“But you aren’t making the best of it,” said the visitor. With that he got up, carefully lifted an iron piece in the back of the stove, turned a key thus disclosed in the pipe, and so materially altered the mood of the fire that in a few moments it stopped smoking and crackled nicely.
“Did you ever, mamma!” cried the girls. A juggler’s feat could not have entertained them more.
“If for a time, first off, you had someone in the house who had lived in this country, you’d get on first class,” said the youth.
“But you know, my dears,” Mrs. Rexford spoke to her daughters, forgetting the young man for a moment as before, “if I had not supposed that Eliza understood the stove I should have inquired of Principal Trenholme before now.”
“May I enquire where you got your help?” asked the American. “If she was from this locality she certainly ought to have comprehended the stove.”
“She is a native of the country.”
“As I say,” he went on, with some emphasis, “if she comes from hereabouts, or further west, she ought to have understood this sort of a stove; but, on the other hand, if she comes from the French district, where they use only the common box stove, she would not understand this kind.”
He seemed to be absorbed entirely in the stove, and in the benefit to them of having a “help,” as he called her, who understood it.
“I think she comes from the lumbering country somewhere near the St. Lawrence,” said Mrs. Rexford, examining the key in the stove-pipe. She could not have said a moment before where Eliza had come from, but this phrase seemed to sum up neatly any remarks the girl had let fall about her father’s home.
“That accounts for it! Will you be kind enough to let me see her? I could explain the mechanism of this stove to her in a few words; then you, ma’am, need have no further trouble.”
She said she should be sorry to trouble him. If the key were all, she could explain it.

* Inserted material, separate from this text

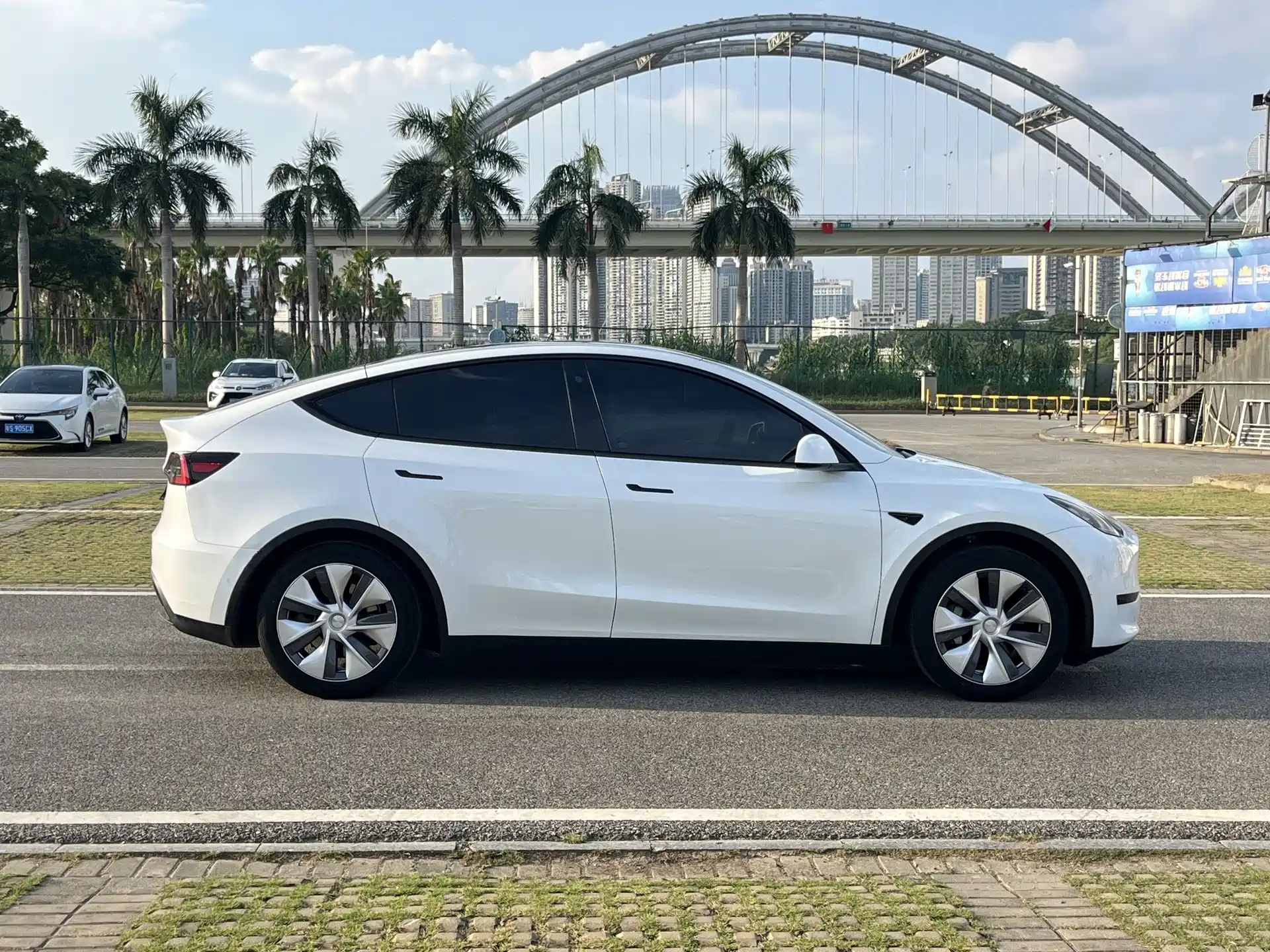 Фото 6 - Tesla Model Y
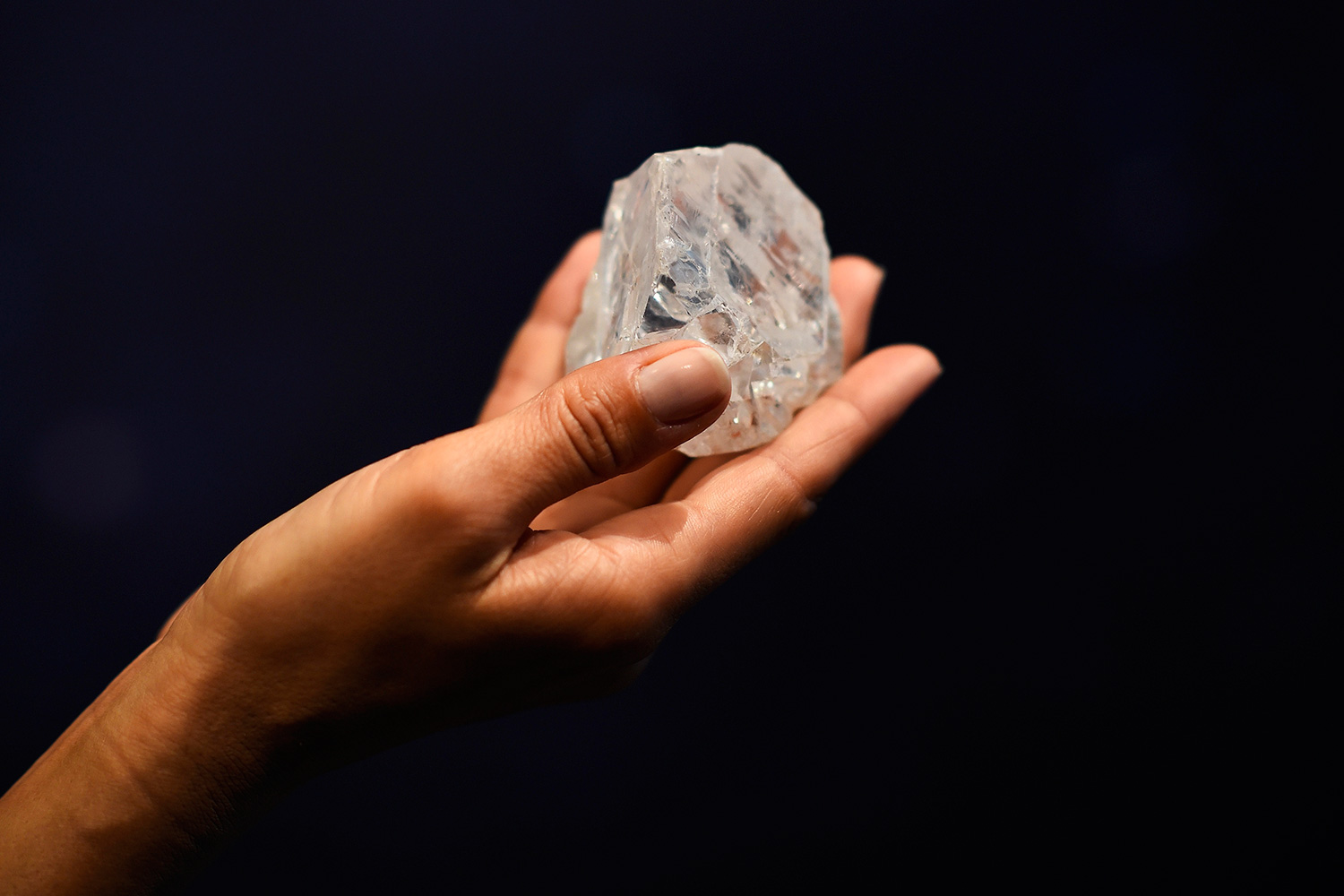 Lesedi la Rona Алмаз. Алмаз неограненный камень. Самый большой Алмаз в мире.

“Pardon me”—he bowed again—“it is not all. There are several inner dampers at the back here, which it is most important to keep free from soot. If I might only explain it to the help, she’d know once for all. I’d be real glad to do you that kindness.”
Mrs. Rexford had various things to say. Her speeches were usually complex, composed of a great variety of short sentences. She asked her daughters if they thought Eliza would object to coming down. She said that Eliza was invaluable, but she did not always like to do as she was asked. She thought the girl had a high temper. She had no wish to rouse her temper; she had never seen anything of it; she didn’t wish to. Perhaps Eliza would like to come down. Then she asked her daughters again if they thought Eliza would come pleasantly. Her remarks showed the track of her will as it veered round from refusal to assent, as bubbles in muddy water show the track of a diving insect. Finally, because the young man had a strong will, and was quite decided as to what he thought best, the girls were sent to fetch Eliza.